Repeat the full listing below verbatim and keep the images out.

Provided data ▸
* * *

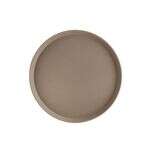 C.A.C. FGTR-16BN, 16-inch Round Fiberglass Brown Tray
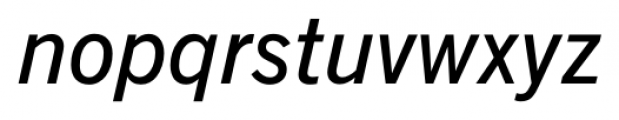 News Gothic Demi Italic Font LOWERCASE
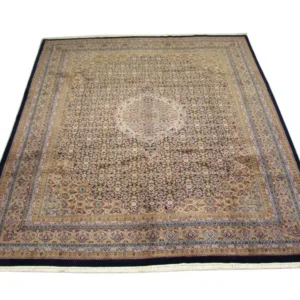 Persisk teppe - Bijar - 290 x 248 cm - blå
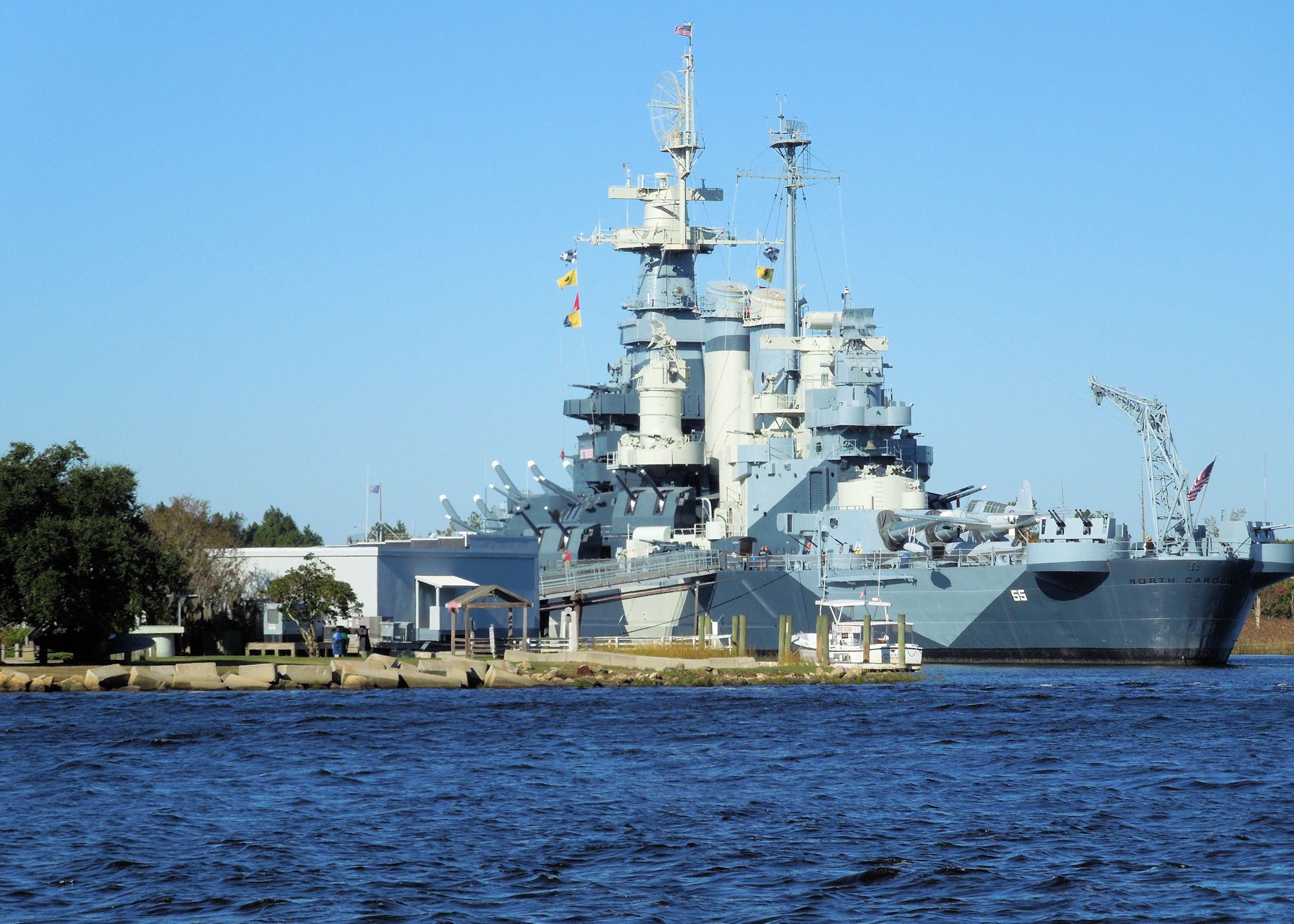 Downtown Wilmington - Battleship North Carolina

* * *

Response box ▸
 C.A.C. FGTR-16BN, 16-inch Round Fiberglass Brown Tray
 News Gothic Demi Italic Font LOWERCASE
 Persisk teppe - Bijar - 290 x 248 cm - blå
 Downtown Wilmington - Battleship North Carolina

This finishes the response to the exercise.